EXERCISE OBJECTIVE
The response should consist of every line below, restated exactly, with no pictures.

[Collection entries]
-- Opening Marker --

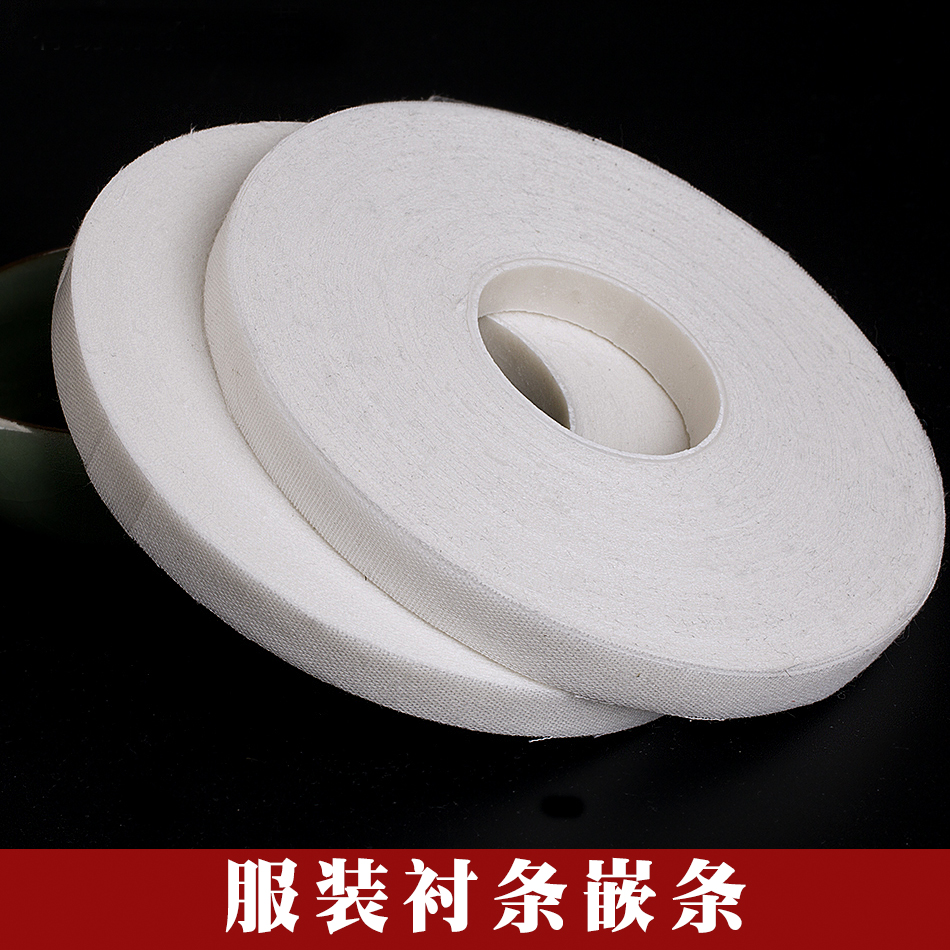 服装无纺有纺衬条羊绒大衣定型牵条衬嵌条热熔粘衬条烫衬条单面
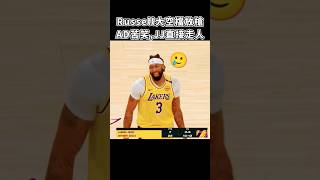 ［NBA］Russell空檔亂拋放槍🤣 [upl. by Nnylecoj]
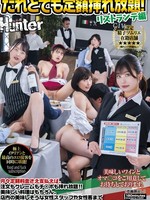 huntc-257 无码版 だれとでも定額入れ放題！リストランテ編 月々定額料金さえ支払えば、注文もクレームもチ○ポも挿れ放題！！
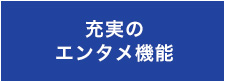 多彩なコンテンツ対応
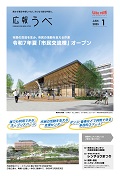 広報うべ1月号表紙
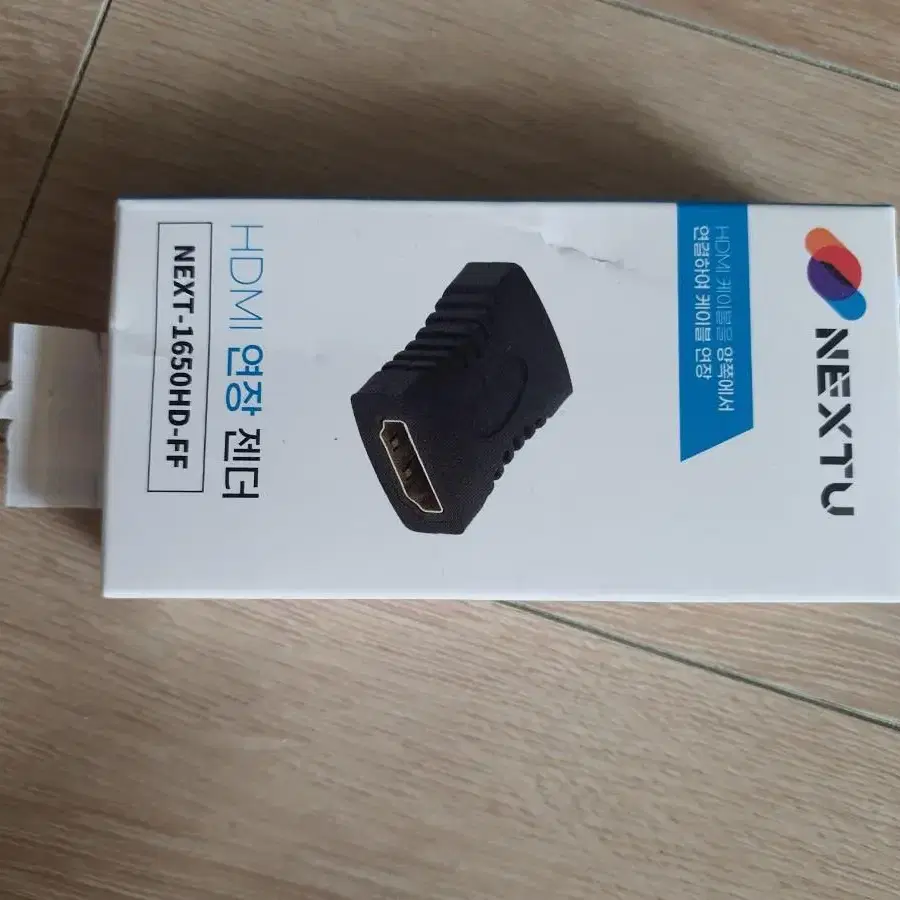 새제품) 이마트 hdmi 3미터 케이블 팝니다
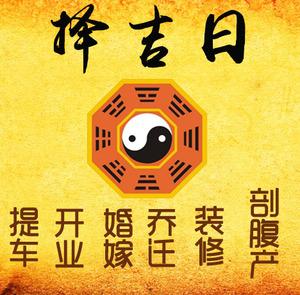 南康择吉日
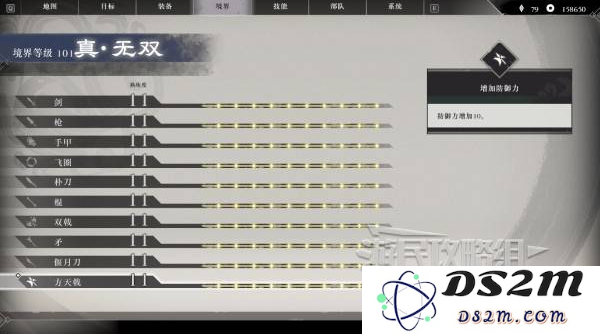 真三国无双起源二周目怎么开？   二周目有什么？图片4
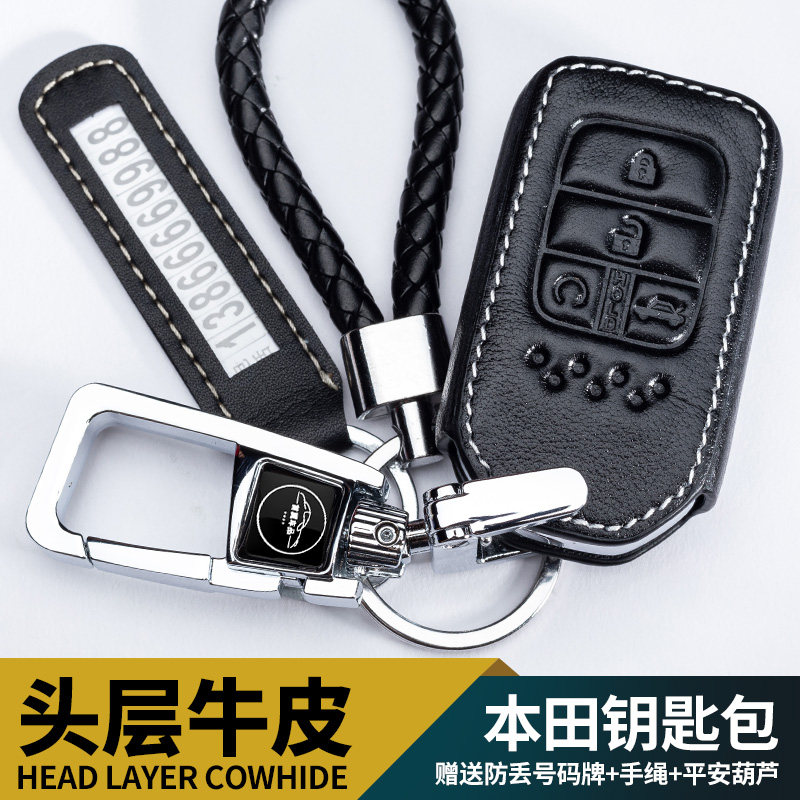 本田九代雅阁钥匙包 凌派9.5代广本雅阁男女真皮套通用汽车钥匙扣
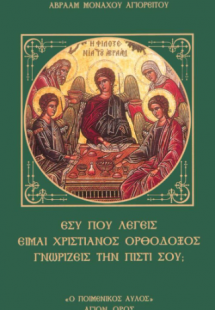 Εσύ που λέγεις είμαι χριαστιανός ορθόδοξος γνωρίζεις τη...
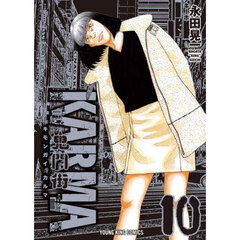 鬼門街ＫＡＲＭＡ　１０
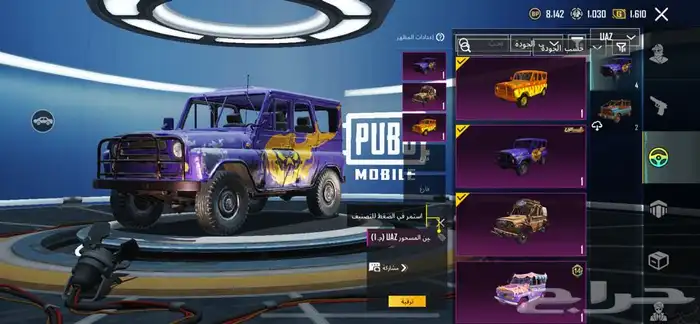 حساب ببجي للبيع 23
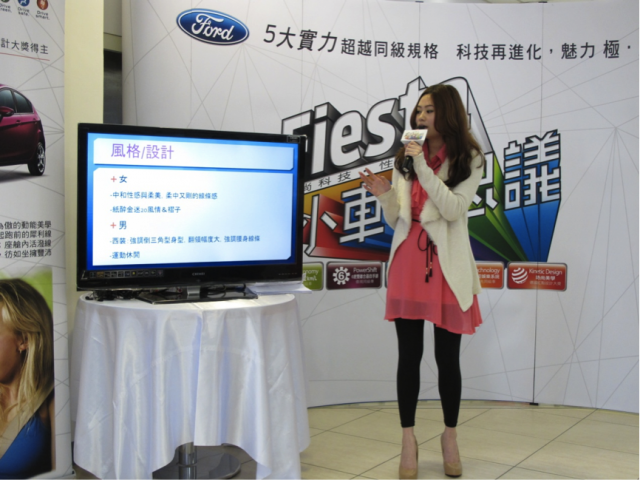 Fiesta時尚小車見面會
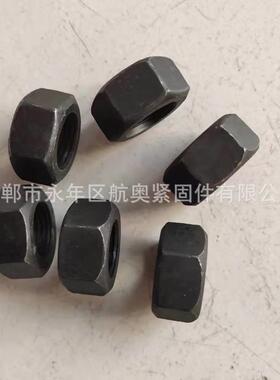 发黑六角螺母G1B6170螺帽0m62m8m1m12m14m16GVSm8m20m2-m42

-- Closing Marker --

RESPONSE TO THE TASK
 服装无纺有纺衬条羊绒大衣定型牵条衬嵌条热熔粘衬条烫衬条单面
 ［NBA］Russell空檔亂拋放槍🤣 [upl. by Nnylecoj]
 huntc-257 无码版 だれとでも定額入れ放題！リストランテ編 月々定額料金さえ支払えば、注文もクレームもチ○ポも挿れ放題！！
 多彩なコンテンツ対応
 広報うべ1月号表紙
 새제품) 이마트 hdmi 3미터 케이블 팝니다
 南康择吉日
 真三国无双起源二周目怎么开？   二周目有什么？图片4
 本田九代雅阁钥匙包 凌派9.5代广本雅阁男女真皮套通用汽车钥匙扣
 Εσύ που λέγεις είμαι χριαστιανός ορθόδοξος γνωρίζεις τη...
 鬼門街ＫＡＲＭＡ　１０
 حساب ببجي للبيع 23
 Fiesta時尚小車見面會
 发黑六角螺母G1B6170螺帽0m62m8m1m12m14m16GVSm8m20m2-m42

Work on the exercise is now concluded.